Binder: Hierarchical Concept Representation through Order Embedding of Binary Vectors
Croix Gyurek, Niloy Talukder, Mohammad Al Hasan
TL;DR
Binder introduces a binary, order-based embedding for hierarchical concepts by representing each concept as a $d$-bit vector in $\\{0,1\\}^d$ and enforcing that if $a$ is-a $b$ then $\mathbf{b}_j=1$ implies $\mathbf{a}_j=1$ for all $j$. It reframes learning as a binary CSP solved with a gradient-inspired, randomized bit-flip local search that runs in $O(ndT(|P|+|N|))$ time and uses a CSP-based loss with positive and negative constraints. Empirically, Binder achieves competitive representation accuracy across six datasets and substantially superior transitive-closure link prediction compared with nine baselines, while offering a dramatic memory footprint reduction (e.g., 2.36 MB vs 34.2 MB or more). The binary, explainable nature of Binder enables intuitive interpretation of attributes via bits and supports boolean operations (AND/OR), with strong scalability to large hierarchies like WordNet. Overall, Binder provides a compact, scalable, and effective alternative to continuous and box/Hyperbolic embeddings for hierarchical concept representation, with robust transitive inference from direct edges alone.
Abstract
For natural language understanding and generation, embedding concepts using an order-based representation is an essential task.
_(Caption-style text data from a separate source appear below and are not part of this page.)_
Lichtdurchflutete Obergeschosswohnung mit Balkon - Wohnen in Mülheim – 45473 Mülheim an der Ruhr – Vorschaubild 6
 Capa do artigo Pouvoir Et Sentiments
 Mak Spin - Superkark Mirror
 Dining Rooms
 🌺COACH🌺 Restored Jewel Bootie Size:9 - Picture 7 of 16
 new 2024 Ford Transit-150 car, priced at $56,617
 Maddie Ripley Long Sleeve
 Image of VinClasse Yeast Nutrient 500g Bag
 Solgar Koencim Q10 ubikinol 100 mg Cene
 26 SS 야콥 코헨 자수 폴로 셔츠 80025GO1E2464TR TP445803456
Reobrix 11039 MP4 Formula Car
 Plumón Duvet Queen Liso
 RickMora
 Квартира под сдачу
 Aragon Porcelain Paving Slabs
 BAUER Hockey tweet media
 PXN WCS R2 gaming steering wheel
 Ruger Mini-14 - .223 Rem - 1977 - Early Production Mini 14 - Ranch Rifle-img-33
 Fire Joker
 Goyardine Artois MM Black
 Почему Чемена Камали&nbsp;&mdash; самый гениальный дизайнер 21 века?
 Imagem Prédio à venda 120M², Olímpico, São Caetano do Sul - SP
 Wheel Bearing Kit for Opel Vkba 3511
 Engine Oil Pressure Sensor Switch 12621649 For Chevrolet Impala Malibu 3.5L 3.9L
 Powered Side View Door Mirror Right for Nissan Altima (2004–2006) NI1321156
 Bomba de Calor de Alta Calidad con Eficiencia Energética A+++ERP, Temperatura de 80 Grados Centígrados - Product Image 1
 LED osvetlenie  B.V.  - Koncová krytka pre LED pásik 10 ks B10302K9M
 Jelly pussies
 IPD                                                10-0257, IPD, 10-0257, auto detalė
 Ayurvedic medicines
Unlike traditional point vector based representation, an order-based representation imposes geometric constraints on the representation vectors for explicitly capturing various semantic relationships that may exist between a pair of concepts. In existing literature, several approaches on order-based embedding have been proposed, mostly focusing on capturing hierarchical relationships; examples include vectors in Euclidean space, complex, Hyperbolic, order, and Box Embedding. Box embedding creates region-based rich representation of concepts, but along the process it sacrifices simplicity, requiring a custom-made optimization scheme for learning the representation. Hyperbolic embedding improves embedding quality by exploiting the ever-expanding property of Hyperbolic space, but it also suffers from the same fate as box embedding as gradient descent like optimization is not simple in the Hyperbolic space. In this work, we propose Binder, a novel approach for order-based representation. Binder uses binary vectors for embedding, so the embedding vectors are compact with an order of magnitude smaller footprint than other methods. Binder uses a simple and efficient optimization scheme for learning representation vectors with a linear time complexity. Our comprehensive experimental results show that Binder is very accurate, yielding competitive results on the representation task. But Binder stands out from its competitors on the transitive closure link prediction task as it can learn concept embeddings just from the direct edges, whereas all existing order-based approaches rely on the indirect edges.